Además, en un segundo plano, existe un enfrentamiento entre Europa y Rusia por los espacios que antes dominaba la URSS, de lo que la guerra por Osetia del Sur fue un ejemplo claro, como ahora sucede en Ucrania. Por otro lado, algunos de los países europeos que fueron repúblicas soviéticas y estuvieron sometidos a Moscú no ocultan cierto deseo de vengar las humillaciones y persecuciones del pasado y se muestran intransigentes con todo lo que pueda suponer diálogo o entendimiento con Rusia.

No será fácil superar esta situación de enfrentamiento si en ambos bandos no se emprende una tarea, abordada con sinceridad y sin prejuicios, para reconocer los propios errores y para revalorizar los intereses comunes de Rusia y Europa.
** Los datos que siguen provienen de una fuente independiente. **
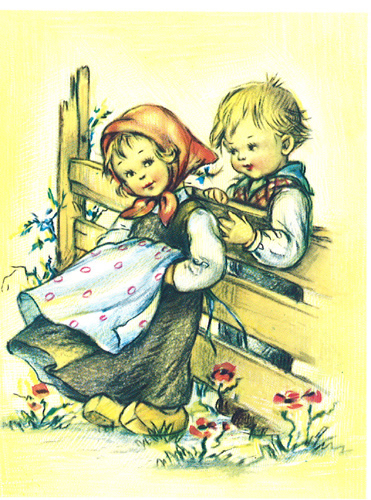 Kids 2 Little boy and girl 5 x 4 - C0013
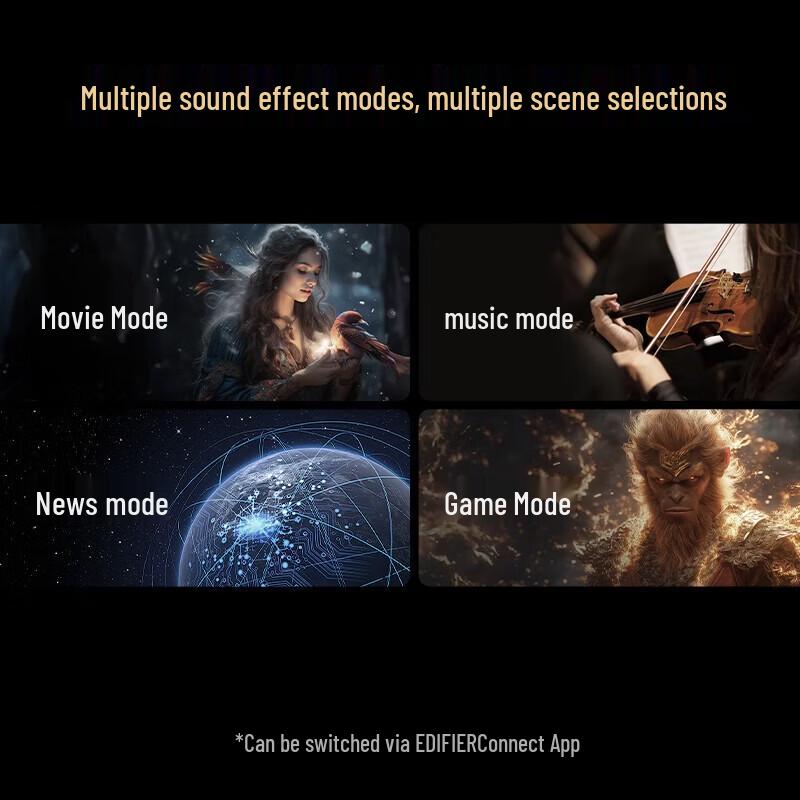 Edifier B1 Wireless Bluetooth TV Soundbar CN plug (adapter included)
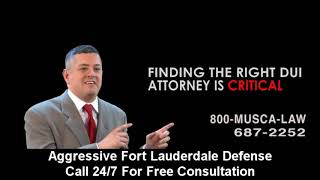 Fort Lauderdale DUI Attorney John Musca   954 302-5391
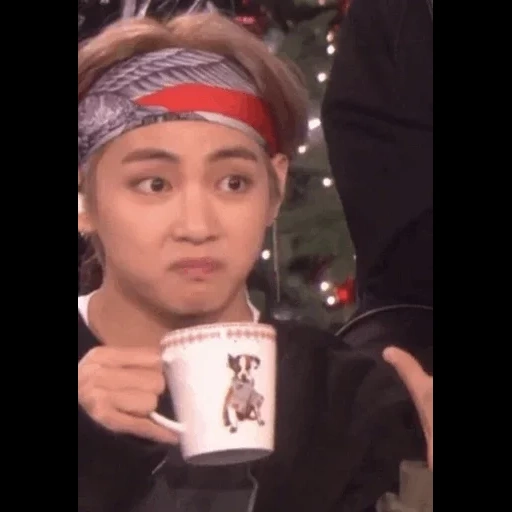 bts memes, bangtan boys, tai heng is drinking tea, tahen shaw allen, tae hung soo ellen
Ni Rusia será pronto una democracia de la forma exacta que Occidente le exige, ni Europa abandonará el doble rasero con el que trata a otros Estados, no en función de su pureza democrática sino de los propios intereses económicos.

Es necesario buscar vías de entendimiento entre Rusia y Europa para evitar que, en el previsible reajuste mundial del poder que se empieza a vislumbrar, Lisboa sea otro satélite de EE.UU. y Vladivostok se convierta en el puerto preferido de China, cuando Rusia y Europa sean absorbidas respectivamente por las dos superpotencias que configuren el futuro de la humanidad.